原初の自然状態で元々生きていた「弱く守られるべき人たち」に公平な機会を与え公平な処遇を提供しようとして始めたことが、最後にはどのような場においても敗北する「真に劣る人たちを視える化」するという結果をもたらすとすれば……。

よく言えば「透明化」といえるが、むしろ「暴露趣味」でもあり、「不人情」、「非人情」の極みでもあるだろう。

人間一人一人の機能を評価する現代社会にはそんな非情なロジックがある。

善意が善い結果をもたらすとは限らない。そうではあろうが、それにしても……あまりに非情かつロジカルな結末になりそうだ。
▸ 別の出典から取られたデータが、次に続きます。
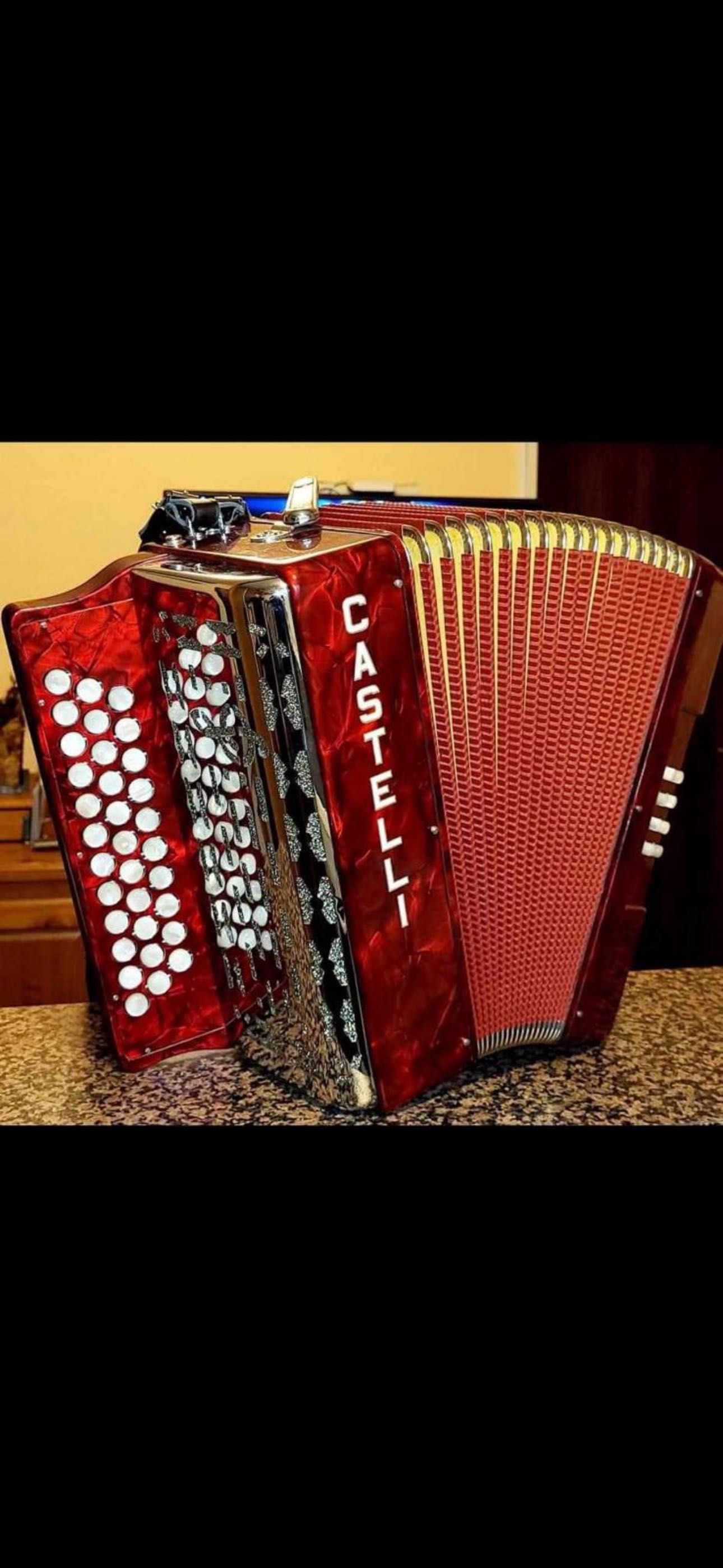 Concertina castelli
今の世は「非情」を埋め合わせるのに「法律と政策」を願望する。人情が消えて非情な人工的な社会が進化する。永井荷風なら愛したはずの衰頽の情緒がそこに入り込む余地はないのである。裏町に隠された美を賞味する感性はもう誰にも共有されず、汚くて治安が悪く女性が安心して歩くこともできない界隈は、再開発して無くしてしまうのが一番と考えるのが現代社会である。弱いという点では本当に弱い劣後者たちはそうして居場所すらも無くしてしまうのが現代社会である。

どうも月並みな話になってしまった。今日はここまでで。